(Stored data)
──────────

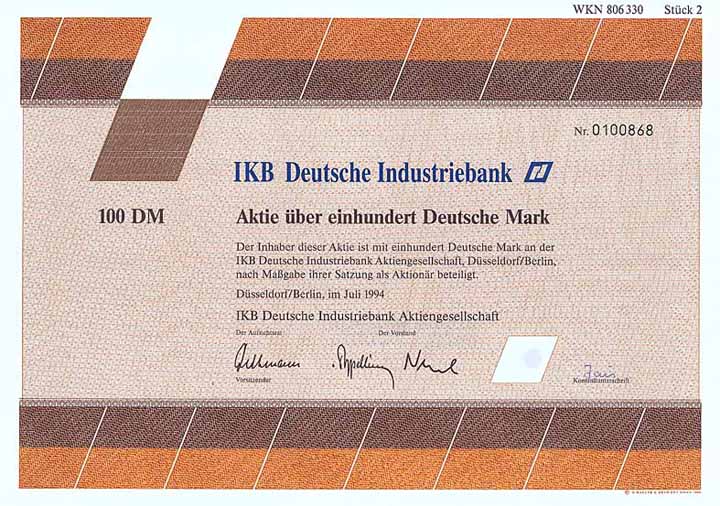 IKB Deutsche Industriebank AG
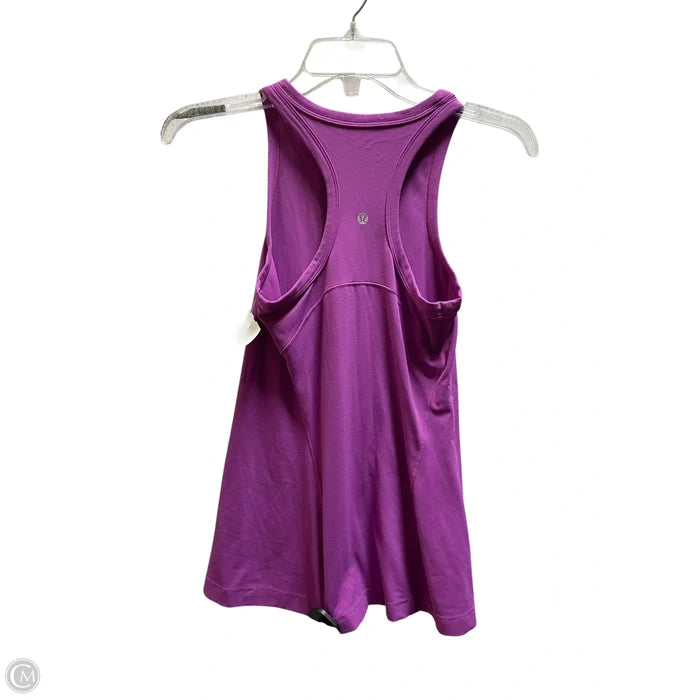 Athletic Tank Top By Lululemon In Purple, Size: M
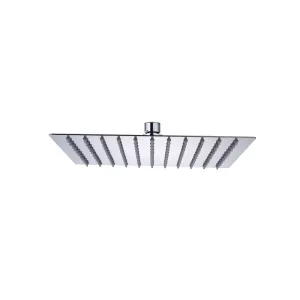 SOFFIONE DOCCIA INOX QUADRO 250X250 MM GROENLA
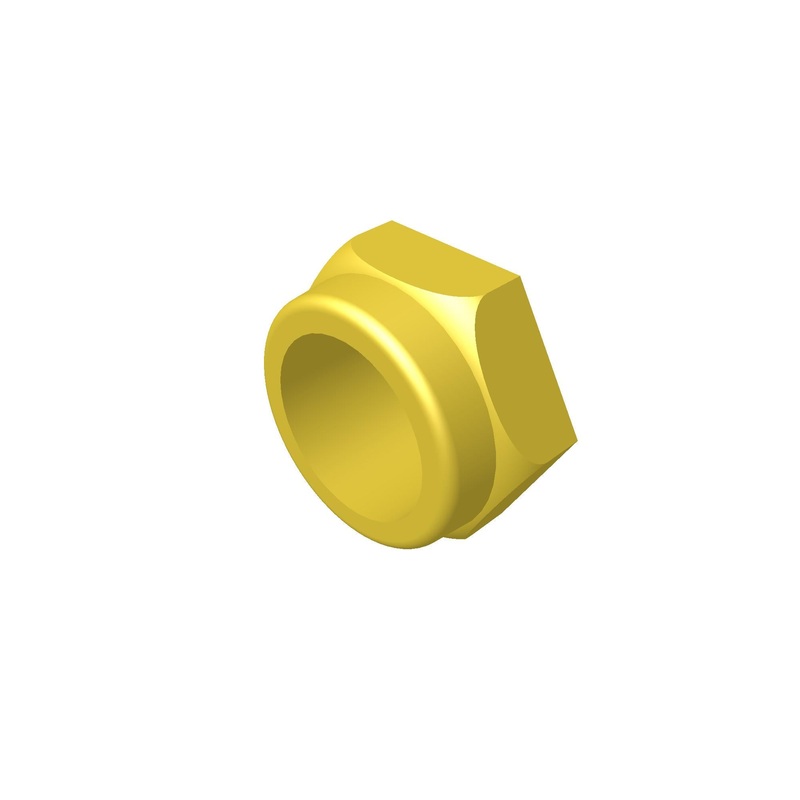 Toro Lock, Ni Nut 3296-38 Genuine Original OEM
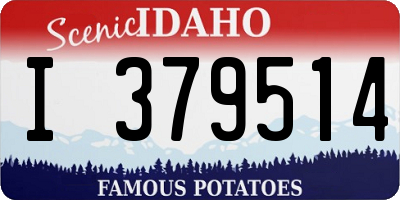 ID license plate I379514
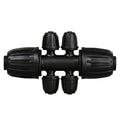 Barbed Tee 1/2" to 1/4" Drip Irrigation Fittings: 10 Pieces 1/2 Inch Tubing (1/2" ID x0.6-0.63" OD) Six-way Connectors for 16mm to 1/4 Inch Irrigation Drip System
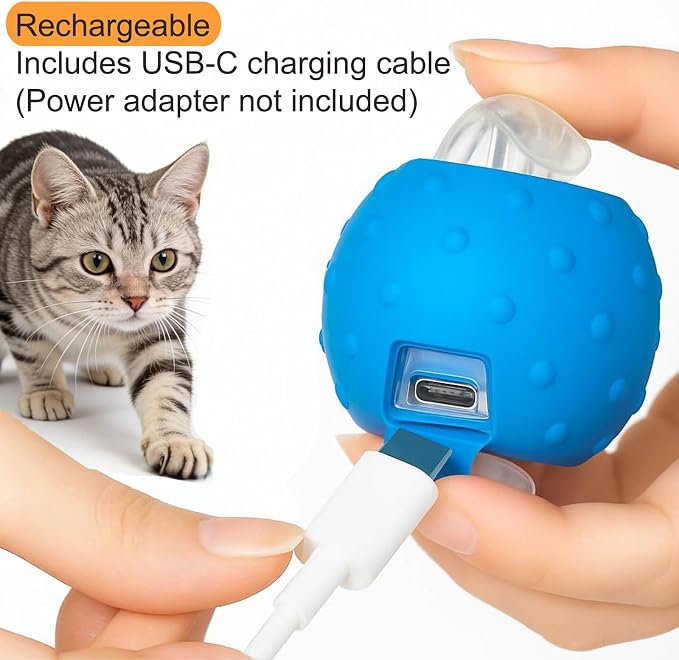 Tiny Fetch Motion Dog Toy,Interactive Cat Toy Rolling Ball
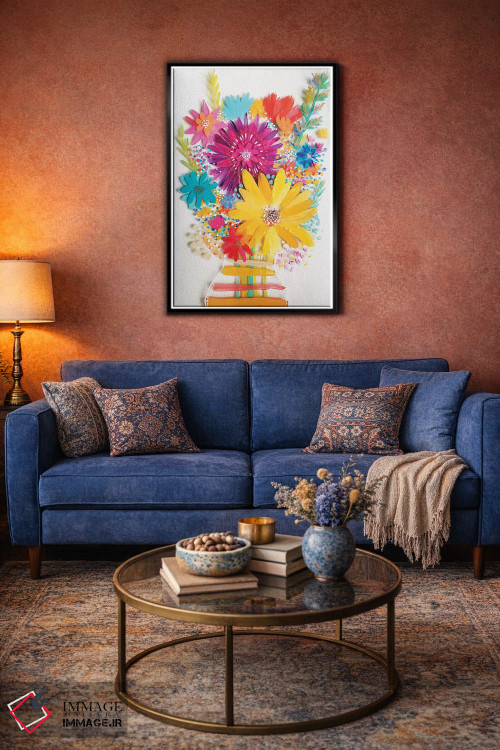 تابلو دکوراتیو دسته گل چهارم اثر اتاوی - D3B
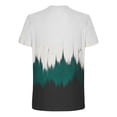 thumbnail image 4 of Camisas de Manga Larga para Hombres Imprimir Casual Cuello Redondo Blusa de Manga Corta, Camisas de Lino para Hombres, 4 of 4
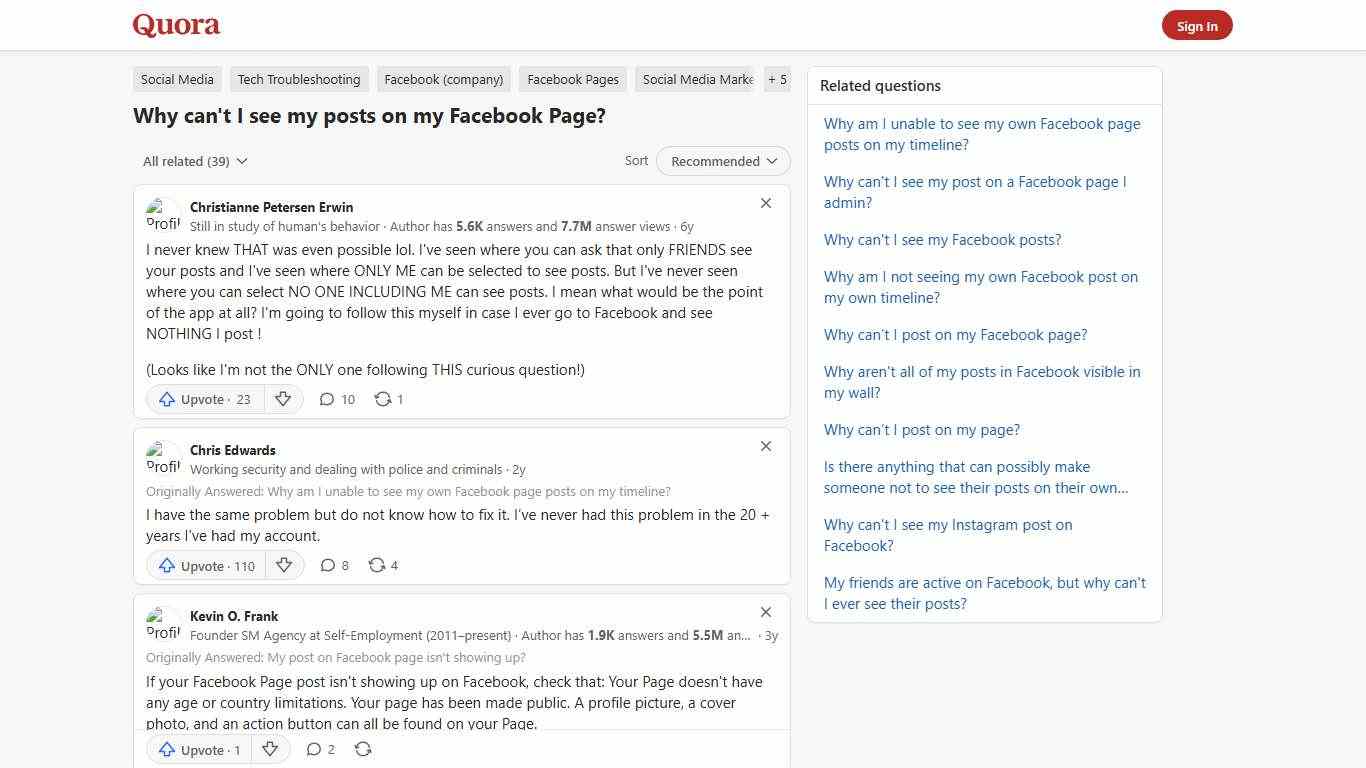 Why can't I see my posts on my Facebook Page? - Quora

──────────

▸ **About this task**:
Retype the lines above exactly, no pictures.

▸ **Solution to the exercise**:
 IKB Deutsche Industriebank AG
 Athletic Tank Top By Lululemon In Purple, Size: M
 SOFFIONE DOCCIA INOX QUADRO 250X250 MM GROENLA
 Toro Lock, Ni Nut 3296-38 Genuine Original OEM
 ID license plate I379514
 Barbed Tee 1/2" to 1/4" Drip Irrigation Fittings: 10 Pieces 1/2 Inch Tubing (1/2" ID x0.6-0.63" OD) Six-way Connectors for 16mm to 1/4 Inch Irrigation Drip System
 Tiny Fetch Motion Dog Toy,Interactive Cat Toy Rolling Ball
 تابلو دکوراتیو دسته گل چهارم اثر اتاوی - D3B
 thumbnail image 4 of Camisas de Manga Larga para Hombres Imprimir Casual Cuello Redondo Blusa de Manga Corta, Camisas de Lino para Hombres, 4 of 4
 Why can't I see my posts on my Facebook Page? - Quora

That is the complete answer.